Yes, brother Barnett is correct in his description of five-point Calvinism, but Calvinism is a man-made systematic theology and none—not one!—of it five points (T-U-L-I-P) is taught in the Scriptures. Nevertheless, the imputation of our sins to Jesus, as the previous paragraph indicates, is well attested to in Scripture. It is not high time, then, that brethren permitted the Bible to define its terms rather than the Calvinists?
The Imputation Of God’s Righteousness To Us
As already noted, there are NT passages that teach the imputation of God’s righteousness to obedient believers in certain pertinent passages in the KJV (Rom. 4:3, 5-6, 9, 11, 22-23; Gal. 3:6). Logizomai, which is the word used here, is variously translated as “counted,” “imputed,” “imputeth,” “reckoned,” and “accounted.” Thus, the idea it conveys is not difficult to understand. Essentially, all one needs to do to understand it is not to be working so hard to explain it away, fearing, as some do, that the use of the word “imputation” somehow relinquishes the field to the Calvinists. It doesn’t, and the sooner one realizes this, the sooner he can get on with finding out what the Bible really teaches on this subject.
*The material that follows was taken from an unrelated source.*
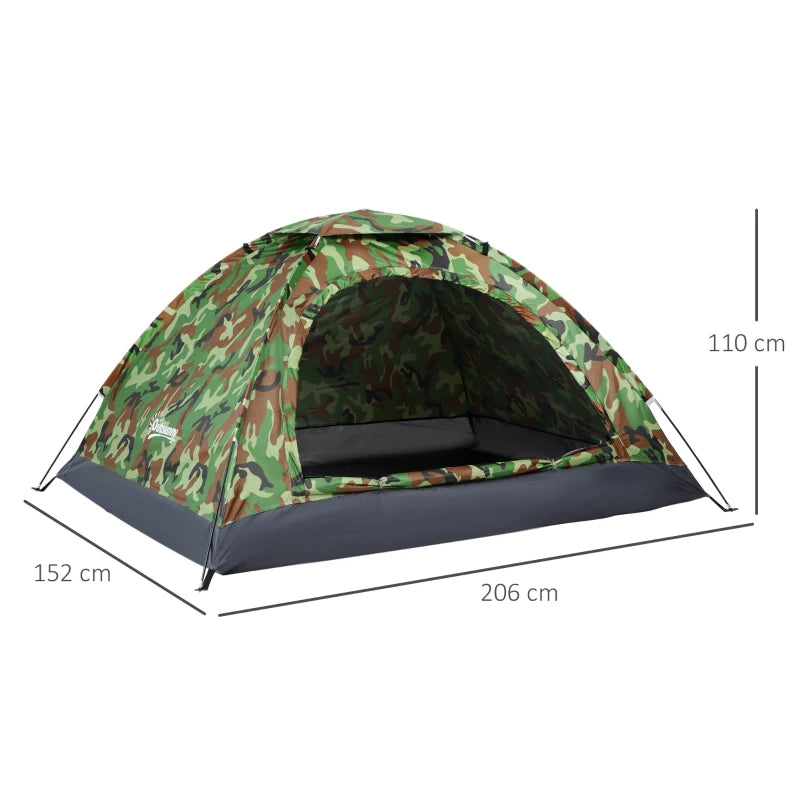 Camouflage 2-Person Camping Tent with Zipped Doors and Storage Pocket, Multicoloured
Although no flesh has any cause to glory in His presence (1 Cor. 1:29), because all have sinned and fall short of the glory of God (Rom. 3:23), as we become obedient to Christ, we do receive a “righteousness of God” that is not our own (Rom. 1:17; 3:21, 22; 10:3; 2 Cor. 5:21; Php. 3:9). The New Testament refers to this as imputed righteousness (cf. Rom. 4:11, 23-25). Some—the Calvinists are notorious for this—have mistakenly thought that the righteousness imputed to the obedient believer entails Jesus’ perfect life. In other words, many wrongly think that God no longer sees the sins of His saints when He views them. According to this doctrine, when God looks at Christians, He only sees the “perfect doings” of Jesus while He was here on this earth—perfect doings which have now been imputed or accredited to us. This view is completely false!
The righteousness imputed to the obedient believer is not derived directly from the Lord’s perfect life. Instead, our imputed righteousness derives from the fact that Jesus’ sacrificial death propitiated God’s wrath against us as sinners and expiated (satisfied) the debt we owed for our sins: “Therefore, as through one man’s offense judgment came to all men, resulting in condemnation, even so through one Man’s righteous act the free gift came to all men, resulting in justification of life” (Rom. 5:18). This is a difficult, but important, passage for a variety of reasons. One of these is that it is used by Calvinists to prove their doctrine of the imputation of Jesus’ own perfect doing (or righteousness) to the believer. But what they, and others, fail to appreciate is that this passage is not referring to Jesus’ active/righteousness, but to His passive righteousness, which, when correctly understood, changes the whole tenor of things.